More Banks are Yanking Free Checking

Like e-mail accounts and water at restaurants, checking accounts have become something people are used to getting for free. But that could be changing.

In Bankrate's 2010 Checking Study, the percentage of checking considered "free," that is accounts with no monthly service charges and no minimum balance, fell from 76 percent in last year's study to 65 percent in this year's study. The drop reverses a steady increase of free checking accounts dating back to at least 2003.

What's driving this reversal? Two big regulatory changes for banks are at work here, says Greg McBride, CFA, senior financial analyst for Bankrate.com.

The biggest change right now is a new Federal Reserve rule requiring banks to seek a customer's permission before enrolling them in overdraft protection coverage that temporarily covers purchases at the register in exchange for what's usually a big bank fee later, says McBride. This rule applies to ATM transactions and debit cards, which will now simply decline a purchase if a customer doesn't have the funds in his account to cover it and hasn't opted in for overdraft protection.

Income from debit overdraft fees was a major source of revenue for the banks, $37.1 billion in 2009 alone, according to Moebs Services Inc., an economic research firm in Lake Bluff, Ill. That revenue stream will no longer help subsidize the cost of free checking accounts for banking consumers.

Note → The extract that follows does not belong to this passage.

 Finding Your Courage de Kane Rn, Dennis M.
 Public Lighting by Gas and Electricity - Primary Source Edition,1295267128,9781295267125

That's causing banks to rethink their checking account offerings, says Bert Ely, a banking consultant and principal of Ely & Co. in Alexandria, Va.

"Part of the repricing (of checking account fees) is reflecting what I believe is a reduction in the amount of cross-subsidy that's available within banks simply because of a drop in overdraft fees," says Ely. "It's like squeezing a balloon. The revenue balloon is getting squeezed in places, so to get the same amount of revenue, it's got to bulge out someplace else."

But banks are bracing for an even bigger slice to their bottom line from a provision in the Dodd-Frank Wall Street Reform and Consumer Protection Act passed earlier this year. Known as the Durbin Amendment, the provision allows the Federal Reserve to regulate interchange fees, or the fees merchants pay to banks for debit card transactions. Such fees have been another major source of revenue for banks.

"We haven't yet seen the impact of lower interchange fees," says Ely. "I don't know how that's going to play out, but that's a huge question right now."

As the FDIC considers further limits on how much banks can charge in overdraft fees for bounced checks, it's likely that rank-and-file checking customers will be asked to shoulder more of the maintenance costs of their accounts if banks can no longer rely on overdraft customers to subsidize free checking, says McBride.

"There's a fixed cost to (maintaining a checking account). There are regulatory requirements, filing requirements and then there are processing statements, posting transactions and all of those things," says McBride. "What banks have traditionally tried to do is offset that cost by cross-selling consumers into other products and services." As if the rapid changes in the regulatory environment weren't enough, Ely also cites rock-bottom interest rates making consumer deposits less valuable to banks because they can't lend that money back out at high rates like they did when the economy was healthy. "The current interest rate environment and regulatory environment is forcing a lot of really fundamental rethinking of the delivery of retail banking services, both from the revenue standpoint as well as the cost standpoint," says Ely.

All this points to free checking with no strings attached becoming less prevalent. Fortunately, account holders can still dodge monthly service fees, often without switching banks. If you begin seeing service fees on your monthly statement, try asking your bank about other accounts they have that don't levy fees. If that doesn't work, try asking your bank if it offers fee waivers. While free accounts compose only 65 percent of noninterest checking accounts, Bankrate's 2010 Checking Study shows that number rising to 88 percent when you add in accounts that offer fee waivers for meeting conditions like signing up for direct deposit.

If your bank begins charging a monthly service fee and you can't or don't want to jump through those hoops, there's always shopping around on bankrate for a better deal. With so many banks and credit unions still offering free checking, there's no reason to stick around and pay high fees.

The 2010 Bankrate Checking Study data are gathered by surveying the top 10 banks and thrifts in 25 of the country's biggest markets. We asked those institutions about terms on one generic noninterest account and one interest-bearing account most applicable to the general consumer.